[Recorded data Boundary: Start]
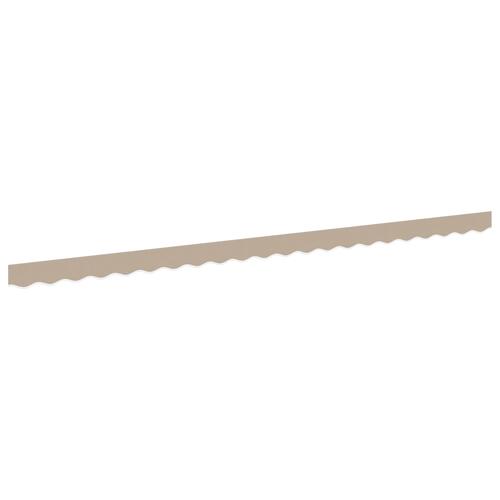 Markise Valance til 5 m Ramme Beige 4.8x0.2 m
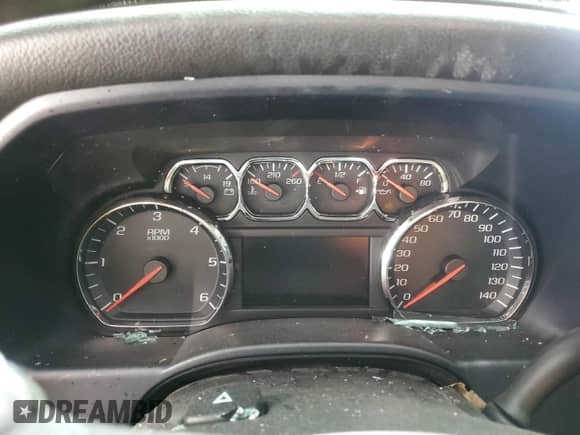 2014 GMC Sierra 1500 SLT z VIN 3GTU2VEC4EG476394, wystawiony jako Copart lot #83988315 z przebiegiem Nie podano mil oraz Szkoda całkowita • Salvage title. Historia ofert i sprzedaży dostępna na DreamBid. Obrazek 9.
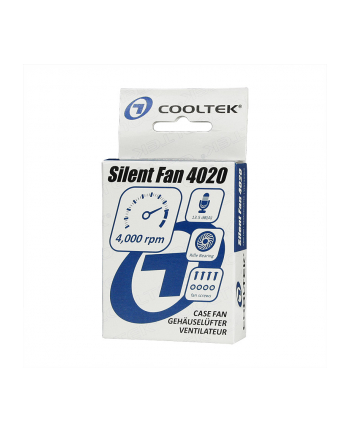 Cooltek CT-Silent Fan 4020 40x40x20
[Recorded data Boundary: End]
**Problem**
Please transcribe each line above exactly, but leave the images out.

**Expected answer**
 Markise Valance til 5 m Ramme Beige 4.8x0.2 m
 2014 GMC Sierra 1500 SLT z VIN 3GTU2VEC4EG476394, wystawiony jako Copart lot #83988315 z przebiegiem Nie podano mil oraz Szkoda całkowita • Salvage title. Historia ofert i sprzedaży dostępna na DreamBid. Obrazek 9.
 Cooltek CT-Silent Fan 4020 40x40x20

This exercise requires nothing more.